RESENHA
PERDA (DO USO DO TU/TE) E
AQUISIÇÃO (VOCÊ/TE)
Cinthia ferreira de Andrade
A
resenha sobre o artigo “PERDA ( DO USO DO TU/TE) E AQUISIÇÃO (DE VOCÊ/TE)
trabalho elaborado por Sônia Lazzarini Cyrino e Onilda Regina M. de Brito tem
como foco de estudo a seguinte
ocorrência, em que empregada a forma de tratamento você junto ao pronome
oblíquo te e ainda no trabalho são consideradas algumas das condições de uso
dos pronomes da 2ª pessoa em função do objeto.
Neste
estudo foi evidenciado à relação aos clíticos, em PB, no qual os estudos
apontam que está desaparecendo. Porém ainda ocorre o uso dos clíticos de 1ª e
2ª pessoa embora em proporções menores.
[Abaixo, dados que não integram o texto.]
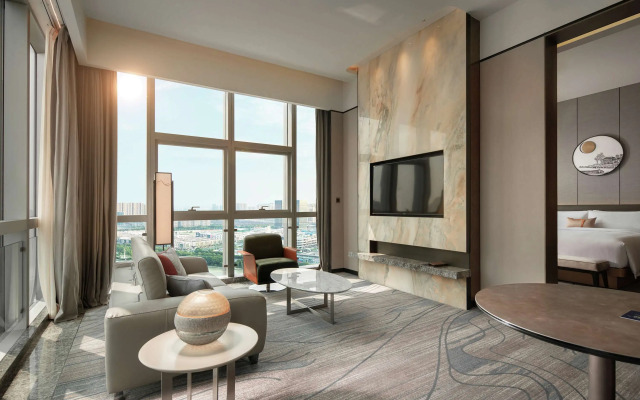 DoubleTree by Hilton Suzhou Wujiang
Analisados os dados foi verificado os
valores dos clíticos de 2ª pessoa que de início houve uma considerável
diminuição no uso desse clítico, mas que a partir dos 1940 volta aumentar o seu
uso, chegando em 1973 a 24% não muito distante do valor apresentado na primeira
metade do século XVI. Devemos registrar, no entanto, que esse clítico não
corresponde mais à forma de tratamento tu,
mas à forma você.
Segundo
Monteiro (1994: 161-164), intercambialidade
dos pronomes”, decorre, no caso dos pronomes de 2ª pessoa, da introdução do
pronome você. Isso se dá por um processo de reorganização do sistema em que
possibilidade de uma série de associações nas relações sintáticas. Tal
alternância pronominal ocorre segundo
ao autor por mudanças no comportamento dos interlocutores, dependentes da
natureza da relação social: o uso de te com você conota talvez maior
aproximação ou intimidade do que lhe
com você.
Ainda
com base nos conceitos de Monteiro, consideramos que os tipos de relação social
e as interferências intersubjetivas constituam fatores condicionantes ao uso
dos pronomes de 2ª pessoa, não podemos deixar de ressaltar que, através da
observação da aquisição, os fatores que devem estar condicionados ao uso do te não sejam esses, pois uma criança ao
redor dos dois anos de idade, quando se observa o uso do clítico de 2ª pessoa,
manteria o mesmo uso ainda que estivesse falando com outra pessoa que não fosse
a sua mãe, pois não possui bem definidos os tipos de relações sociais e o
vocabulário a eles adequado.
Analisando os dados da pesquisa pude perceber que a perda
do uso te associado à forma de tratamento tu e o seu uso de te associado à
forma de tratamento você, havendo também mudança no contexto em que ocorre essa
nova associação: da interlocução para a enunciação. Pode-se considerar também
que há existência de regras estrutural que submetem o uso desses pronomes
pessoais, principalmente quando ouvimos, por exemplo, “ eu te amo você “
ou “ Eu te falei pra você” , em que o
clítico parece ser uma manifestação de concordância.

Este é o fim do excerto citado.